Data for analysis below:
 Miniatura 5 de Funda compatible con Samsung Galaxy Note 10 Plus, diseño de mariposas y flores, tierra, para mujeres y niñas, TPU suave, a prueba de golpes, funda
End of Data for analysis.
Data for analysis below:
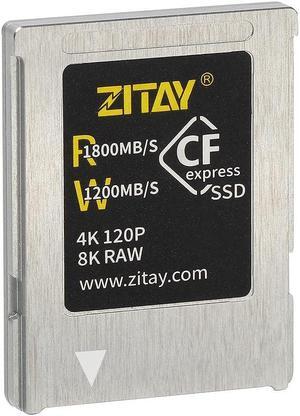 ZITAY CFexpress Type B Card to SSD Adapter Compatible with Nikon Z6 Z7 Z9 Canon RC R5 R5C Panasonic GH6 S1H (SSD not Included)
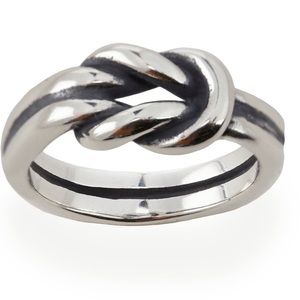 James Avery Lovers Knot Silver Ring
End of Data for analysis.
Data for analysis below:
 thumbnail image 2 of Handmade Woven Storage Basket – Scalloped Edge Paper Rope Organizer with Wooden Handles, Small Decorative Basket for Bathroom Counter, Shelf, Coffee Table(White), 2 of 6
End of Data for analysis.
Work order ▸ Please return the material above only from the line that holds "ZITAY CFexpress Type" through the line that holds "James Avery Lovers Knot Silver Ring", exactly as it stands, ends included and pictures omitted.

Output ▸
 ZITAY CFexpress Type B Card to SSD Adapter Compatible with Nikon Z6 Z7 Z9 Canon RC R5 R5C Panasonic GH6 S1H (SSD not Included)
 James Avery Lovers Knot Silver Ring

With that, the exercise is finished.